One of the last surviving pieces of the tramway rails that were laid in Damascus in 1907. It was the year when electricity was first introduced into the city by a Belgian-Turkish company and the tramway (pronounced in Damascus as tram-why) began to compete with carts as the main method of transportation. By 1931, the tramway had a network of 6 lines: Al-Midan, Al-Jisr Al-Abyad, Sheikh Muheddine, Muhajireen, Kassa' and Douma. The picture shows where the tramway used to turn right, after an exhausting day of carrying hundreds of people, to be parked inside the complex of the Electricity Company in Al-Mutanabbi Street. The last tramway to make this journey ran on these rails in 1961.

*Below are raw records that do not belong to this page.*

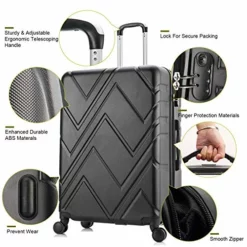 4PC Luggage Sets, ABS Hardshell Luggage Set Lightweight Hard Shell Travel Suitcases W/Spinner Wheels Free Suitcase Cover(18 20 24 28Inch) (Black) -TRAVELPRO Sales 51ztS4eRzQL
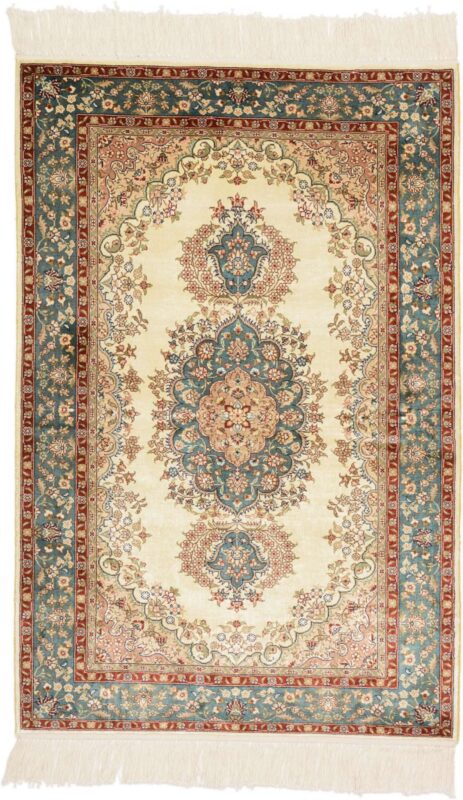 Hereke Oriental Rug 78 × 118 cm, Silk, hand-knotted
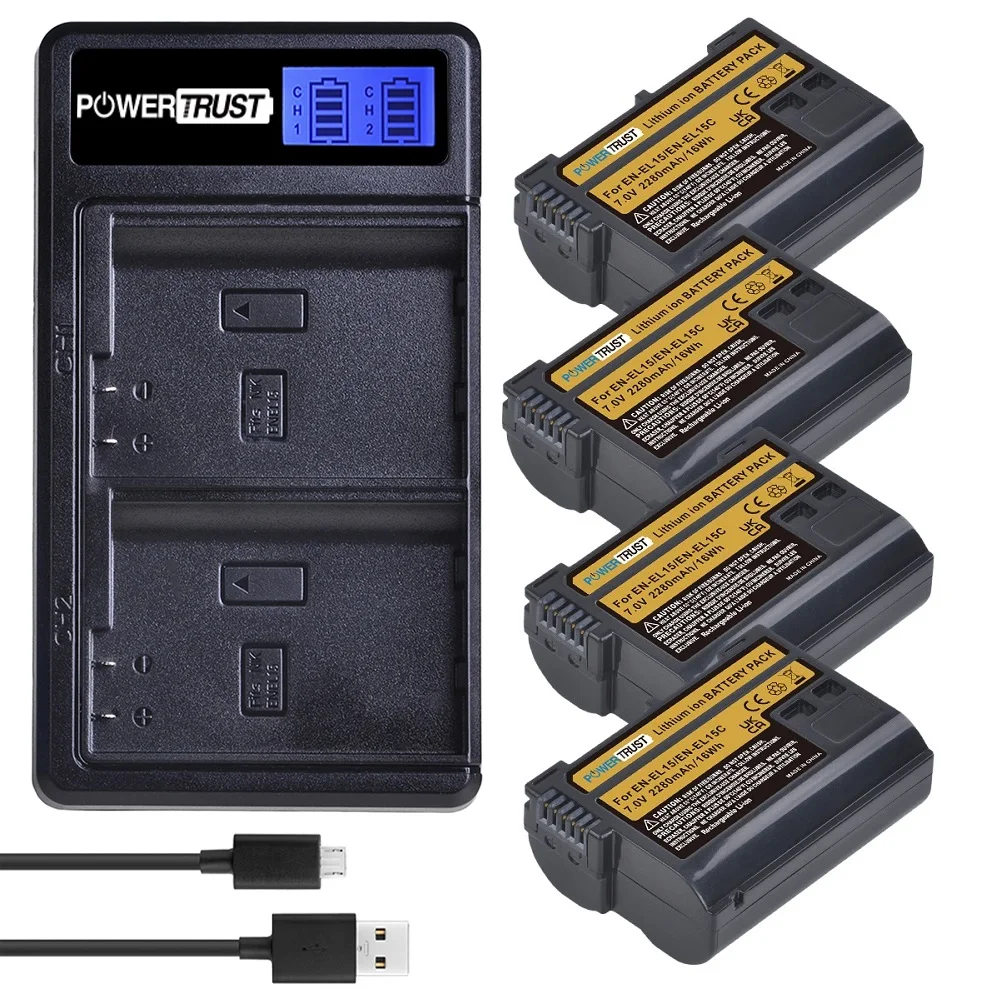 En-El15C Batteria/Caricatore Doppio Usb Adatto A El15/El15A/ El15C, Per Nikon Z6 Ii,Z7,Z7Ii,Z6,D780,D850, D7200,D7500,D500,D600,D610 Ecc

With the substitute now being the air-polluting, chaos-producing, uncomfortable micro-buses, many people in Damascus yearn for the tramway days and tell their children (or grandchildren) nostalgic stories about the jabee or commissiari and his wooden ticket box, the 7.5 eresh (Piastre = 1/100 Syrian Pound) they used to pay for the first class ride and the 5 they used to pay for the second class one.


Oz said...

It's a nice post, i didn't know that there was a tramway in Syria, that's amazing. Post again and again, it'll make me learn more about my country,lol.

Anonymous said...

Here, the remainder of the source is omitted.